Nestes dias de pandemia tão aflitivos, com o Papa Francisco saibamos apreciar aqueles que hoje estão a “escrever os acontecimentos decisivos da nossa história: médicos, enfermeiros e enfermeiras, trabalhadores dos supermercados, pessoal da limpeza, curadores, transportadores, forças policiais, voluntários, sacerdotes, religiosas e muitos – mas muitos – outros que compreenderam que ninguém se salva sozinho. Perante o sofrimento, onde se mede o verdadeiro desenvolvimento dos nossos povos, descobrimos e experimentamos a oração sacerdotal de Jesus: «Que todos sejam um só» (Jo 17, 21).

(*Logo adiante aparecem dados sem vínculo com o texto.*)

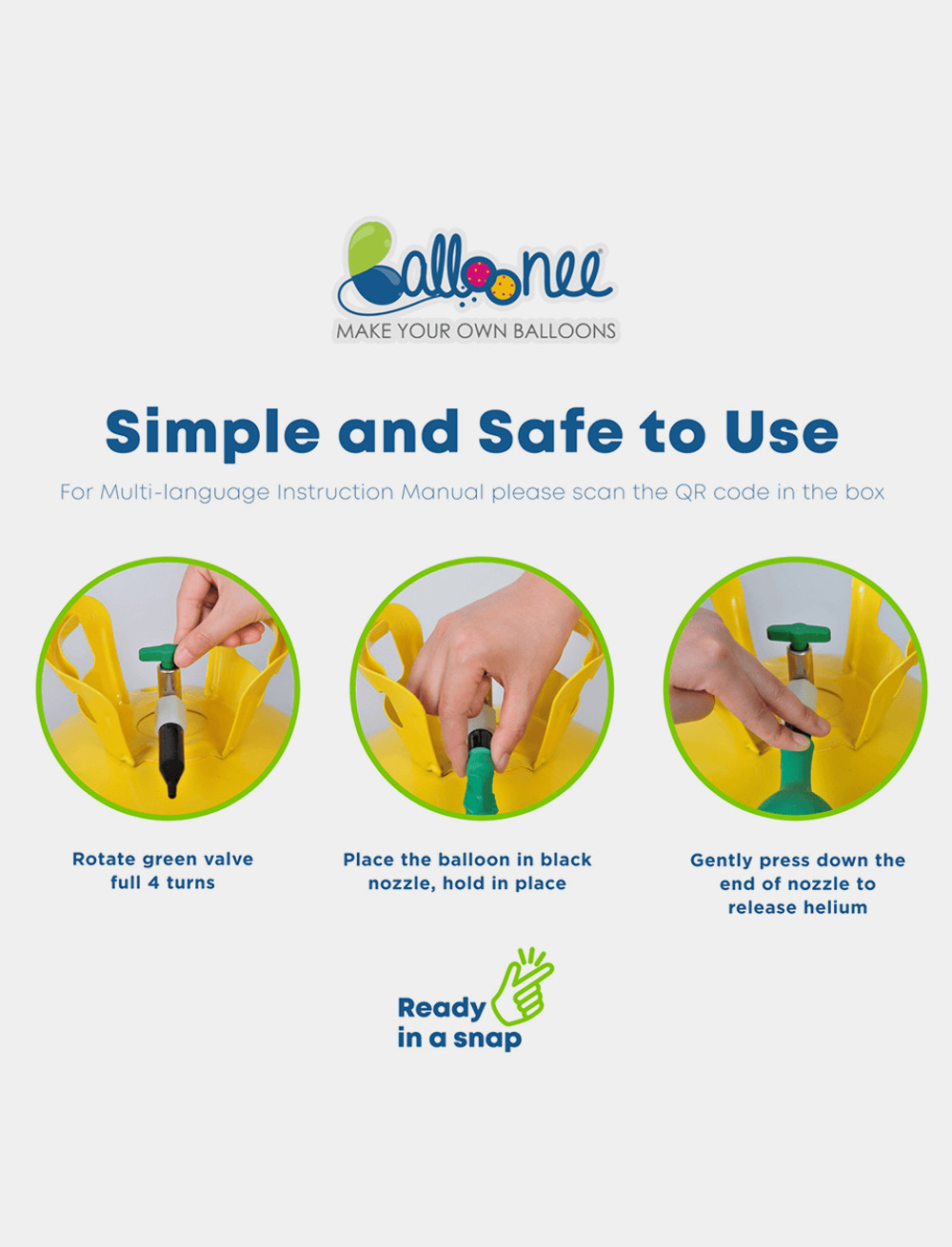 Balloonee Jumbo Helium Party Kit Cylinder, 14.9 L Helium Tank, Upto 50 Balloons gallery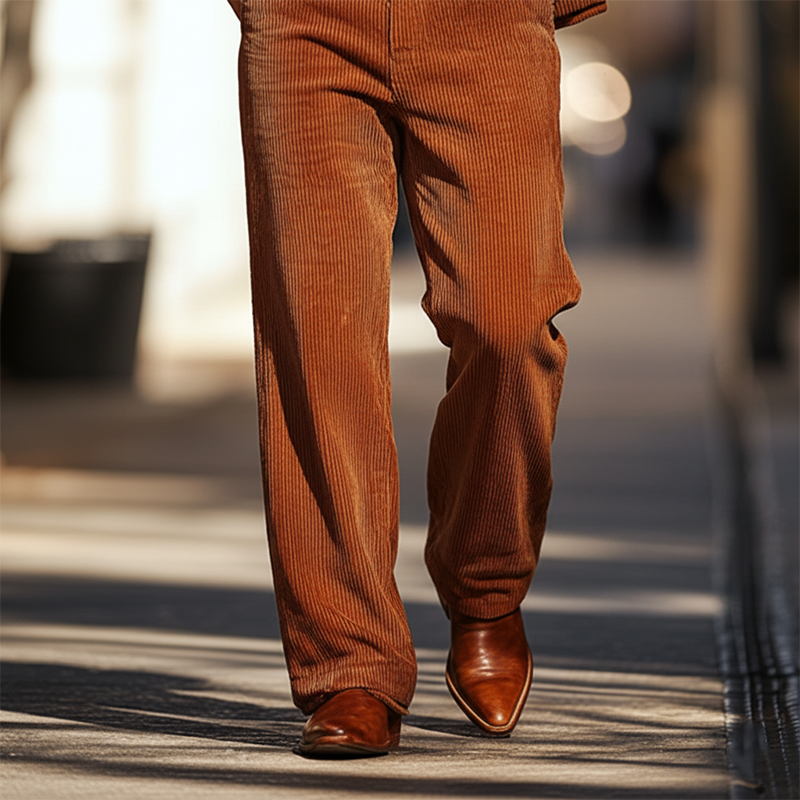 Men's Retro Glossy Corduroy Loose-fitting Casual Pants (Belt Not Included) MTA0160K3P
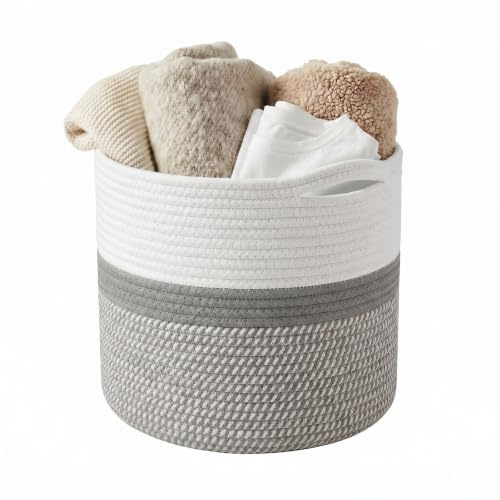 Woven Cotton Rope Laundry Basket, 21L Round Blanket Basket with Handle, Dirty Clothes Basket, Toy Storage, Decorative Plant Pots Indoor, Plant Baskets Indoors for Home Office 30x30cm (White, Grey)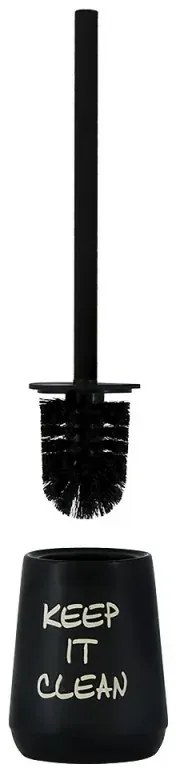 Portascopino da appoggio linea Wash in ceramica nero opaco con scritte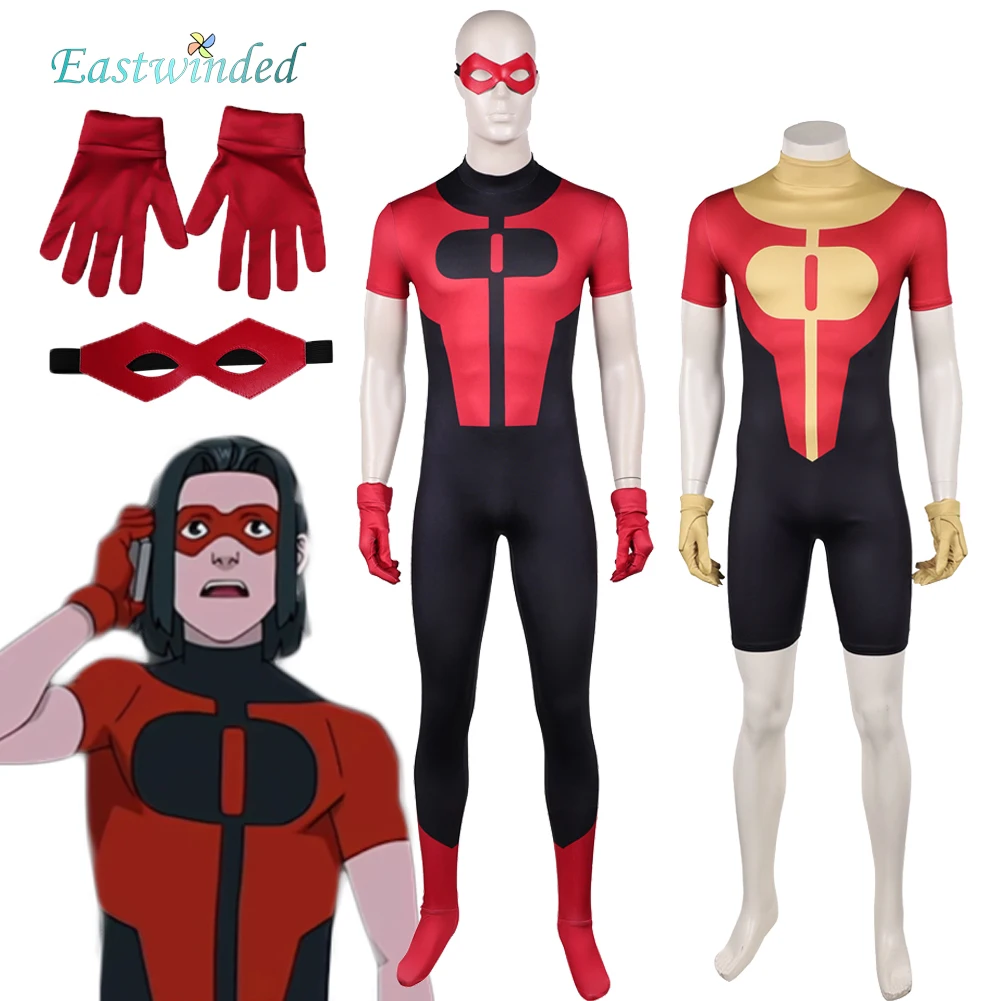 Cartoon Invincible 4 Cosplay Oliver Grayson Red Jumpsuit Costume Mask Outfits Adult Male Disguise Halloween Carnival Uniform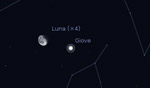 Congiunzione Luna - Giove, giorno 16 ore 23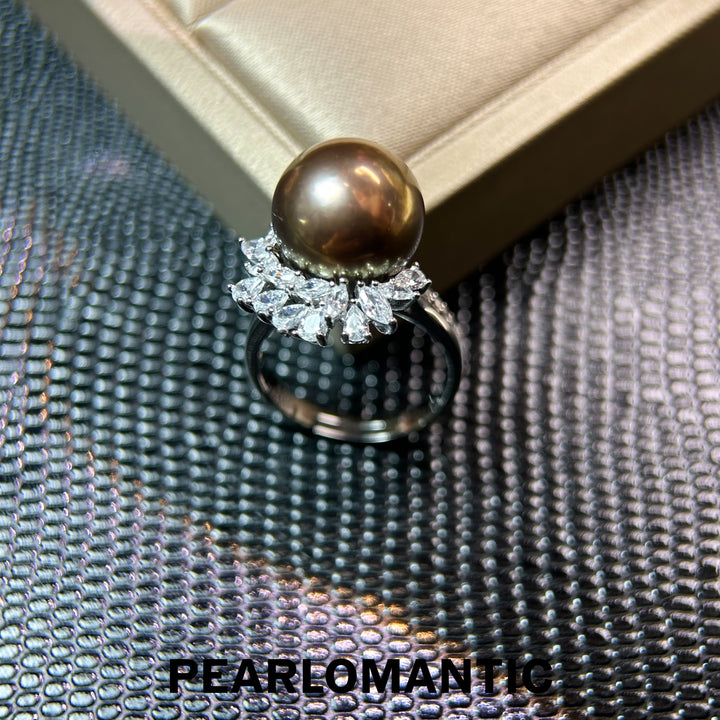 [Elección del diseñador] Anillo de perlas metálicas raras de emperatriz de bronce único de 12.4 mm con plata S925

Quantas pessoas dia a dia exercitam a paciência e infundem esperança, tendo a peito não semear pânico, mas corresponsabilidade! Quantos pais, mães, avôs e avós, professores mostram às nossas crianças, com pequenos gestos do dia a dia, como enfrentar e atravessar uma crise, readaptando hábitos, levantando o olhar e estimulando a oração! Quantas pessoas rezam, se imolam e intercedem pelo bem de todos! A oração e o serviço silencioso: são as nossas armas vencedoras”.

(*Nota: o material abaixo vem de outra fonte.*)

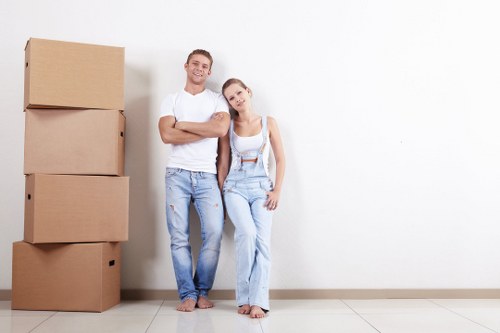 Office relocation planning in Fulham with business equipment ready for transport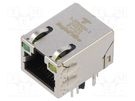 Socket; RJ45; PIN: 8; shielded,with LED; Layout: 8p8c; THT; angled BEL FUSE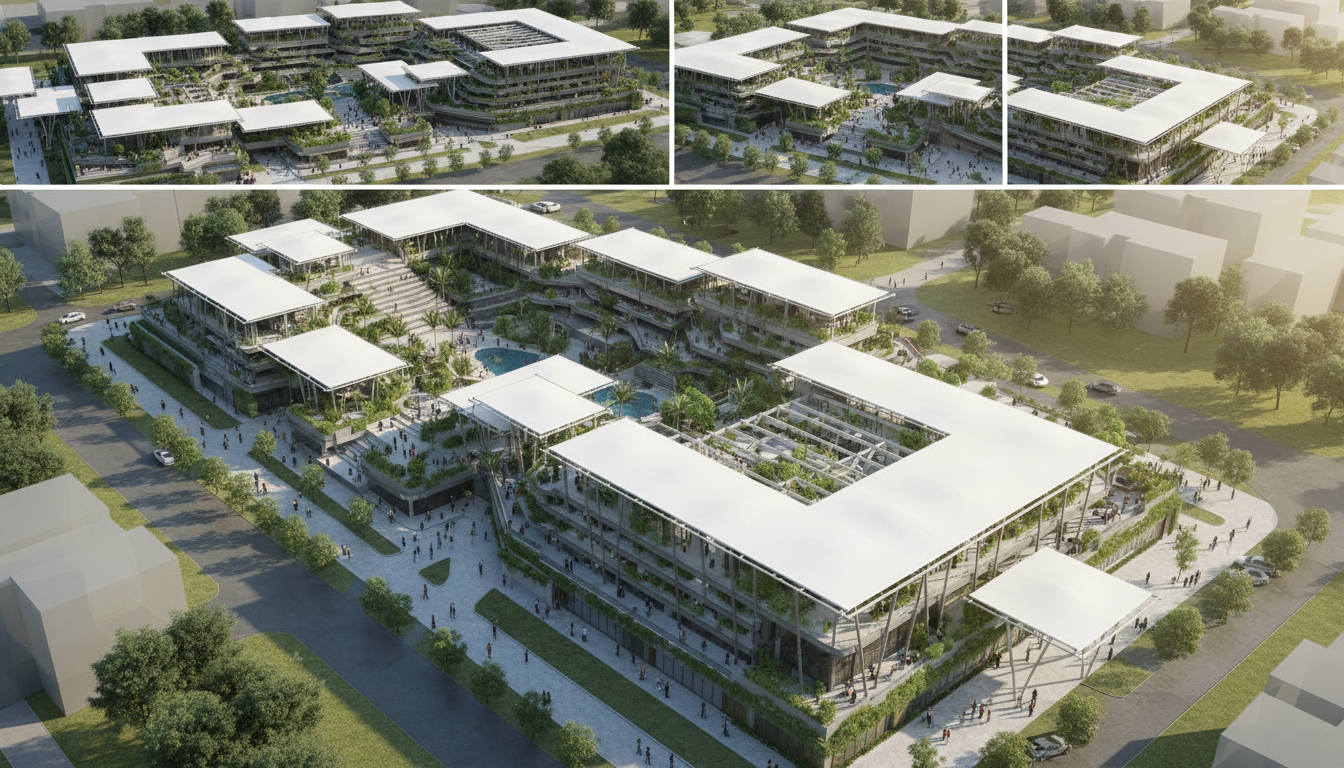 Firefly_Gemini Flash_Create photo realistic renderings of this building. Roof canopies are white 722654.png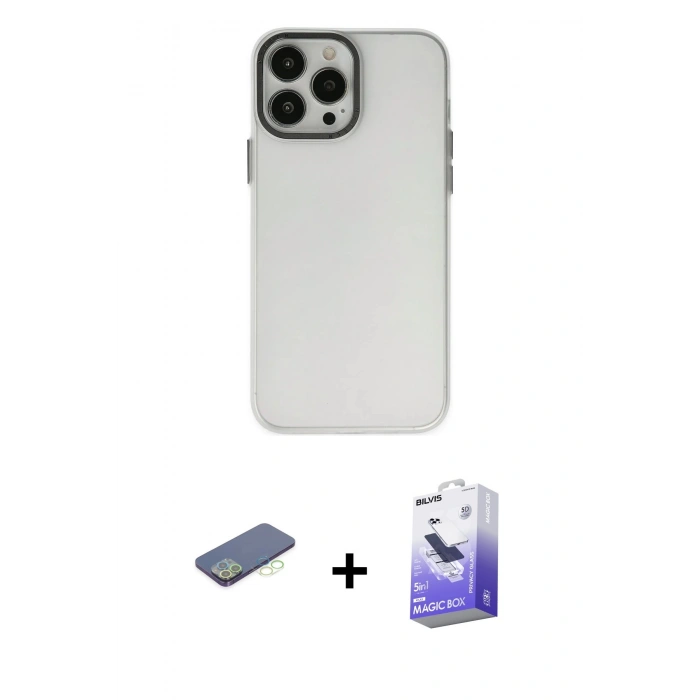 MARSİLYAN™- iPhone 13 Pro Max Kılıf Ahenk Çizgi Prime - Siyah Bilvis 5in1 5D Magic Hayalet Cam Ekran Koruyucu + Renkli Kamera Lens Koruma Cam - YL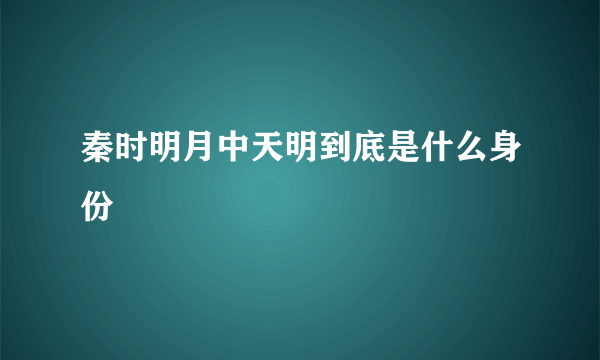秦时明月中天明到底是什么身份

Celebrando a Paixão, Morte e Ressurreição de Cristo, adoremos a Cruz. Nela encontramos “Aquele que não aponta o dedo contra ninguém, mas abre os braços para todos; que não nos esmaga com a sua glória, mas se despe por nós; que não nos ama em palavras, mas nos dá a vida em silêncio; que não nos obriga, mas nos liberta; que não nos trata como estranhos, mas assume os nossos males, os nossos pecados. Para nos libertar dos preconceitos sobre Deus, olhemos o crucifixo e depois abramos o Evangelho (…) Não se esqueçam: Crucifixo e Evangelho! A liturgia doméstica será essa”, diz-nos Francisco.
Santa Páscoa!

Antonino Dias
Portalegre-Castelo Branco, 09-04-2020.